What does the monopole/quadrupole moment of the Earth signify?
A monopole (gravitational) of a system is basically the amount of mass-energy the system has.
A dipole is a measure of how the mass is distributed away from some center.
The quadrupole moment describes how stretched out the mass distribution is along an axis. Quadrupole would be zero for a sphere, but non-zero for a rod, for instance. It is also non-zero for the Earth, because the Earth is an oblate spheroid.
The gravitational contribution from a quadrupole falls of faster than that of a monopole. (which is why the Earth's quadrupole moment is important for studying satellites and not really for studying the moon, owing to the $r^{-3}$ dependency of the contribution to the potential)

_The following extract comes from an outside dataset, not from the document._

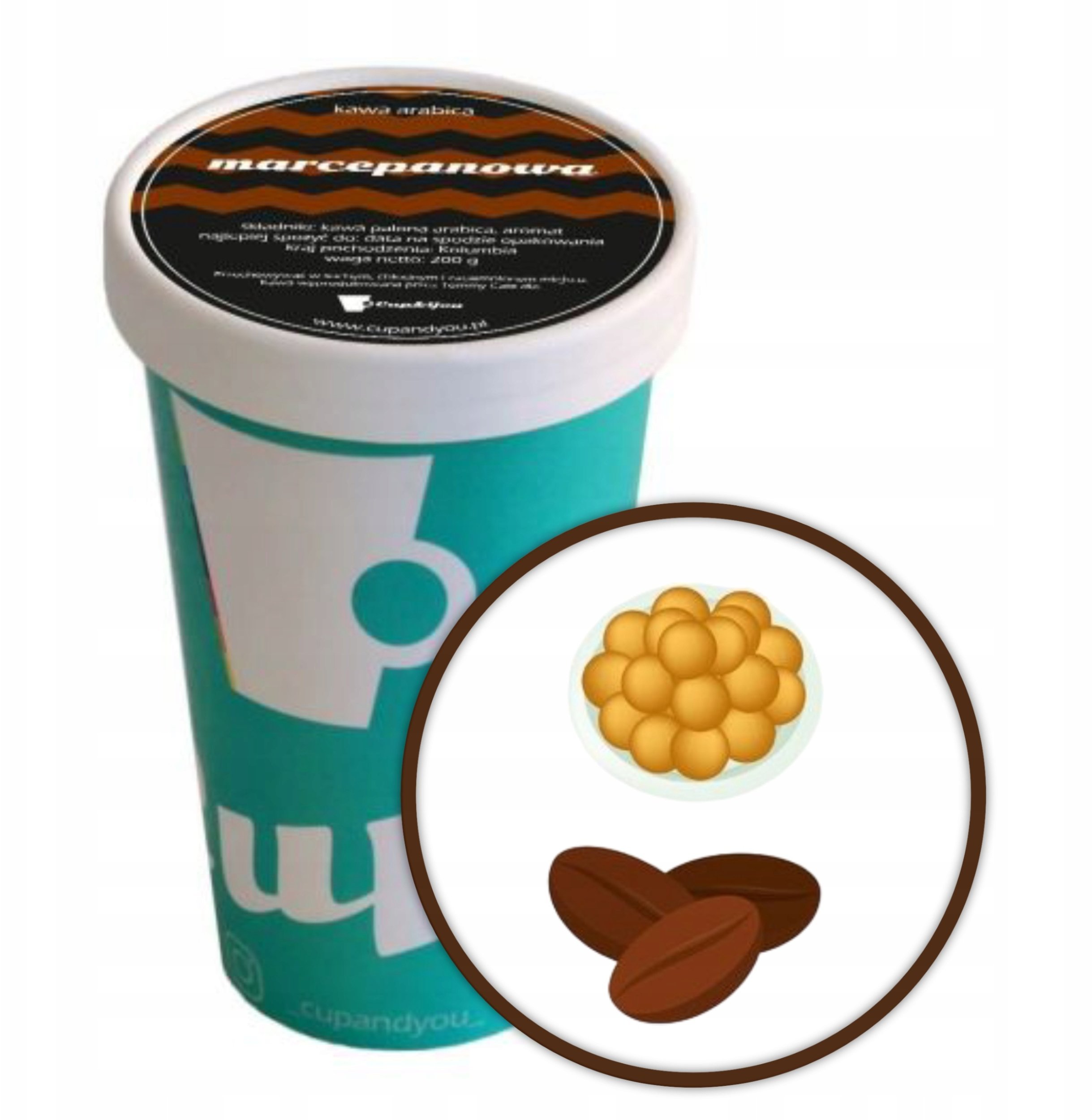 Kawa ziarnista Cup&You Kawa aromatyzowana smak MARCEPANOWA ziarnista ARABICA Cup&You 200g PREMIUM - kawa smakowa deserowa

Quadrupoles and other higher order moments are important in GR because the change in their distribution can produce gravitational waves.
Example:
Let's consider two cases, in both the cases, the large bodies are of mass $M$ and the small one of mass $m$, and the small one is on the line of symmetry at a distance $r$.
Case 1: No quadrupole moment.
The force here is a simple: $$\frac{GMm}{r^2}$$.
Case 2: Non-zero quadrupole moment. (the larger spheres are separated by some distance $2R$.)
The force in this case is: $$\frac{2GMmr}{(r^2+R^2)^{3/2}}$$
This, for large $r$, can be approximated to (two term series expansion): $$F \sim \frac{2GMm}{r^2}-\frac{3GMmR^2}{r^4}$$
The weird term here is because of the quadrupole moment of the system. As you go further away ($r>>R$), the force, $F$ is more or less: $$F \sim \frac{2GMm}{r^2}$$
This is why the "quadrupole moment effect" falls off with distance.
Apologies for the obnoxious MS Paint diagrams.
Imagine having a mass distribution $\rho(x,y,z)$ around the origin O and we want to calculate the potential energy and force at a certain point P on the z-axis. The potential energy can easily expressed by the integral: $$U=-GM\int_{V}\frac{\rho(x,y,z)}{R}dv$$ However this intgral might be difficult to calculate and it's often easier to express the integrand by a series, this is called multipole expansion and can be done for both the gravitational force as the electrostatic force.
Because of the law of cosines, we express R in function of $\theta$, $r'$ and r: $R^2 = r^2 +r'^2 - 2rr'\cos(\theta)$, now we can simplify this integral by using this indentity and a Taylor series: $$\frac{1}{R} = \frac{1}{r}\frac{1}{\sqrt{1+\alpha}} = \frac{1}{r}\left(1-\frac{1}{2}\alpha+\frac{3}{8}\alpha^2-...\right)$$ where $\alpha=\left(\frac{r'}{r}\right)^2-\frac{2r'}{r}\cos(\theta)$
The potential energy now becomes: $$U=\frac{-GM}{r}\int_{V}\rho dv+\frac{-GM}{r^2}\int_{V}r'\cos(\theta)\rho dv+\frac{-GM}{r^3}\int_{V}r'^2\frac{3\cos^2(\theta)-1}{2}\rho dv +...$$ As you can see, in every term the the power of r becomes smaller and smaller. Often we rewrite this expression as: $$U=-GM\left(\frac{C_0}{r}+\frac{C_1}{r^2}+\frac{C^2}{r^3}...\right)$$ Where $C_0$ is the monopole moment, $C_1$ the dipole moment,$C_2$ the quadrupole moment and so on. These can be easily interpreted for wich I refer to @Hritik Narayan.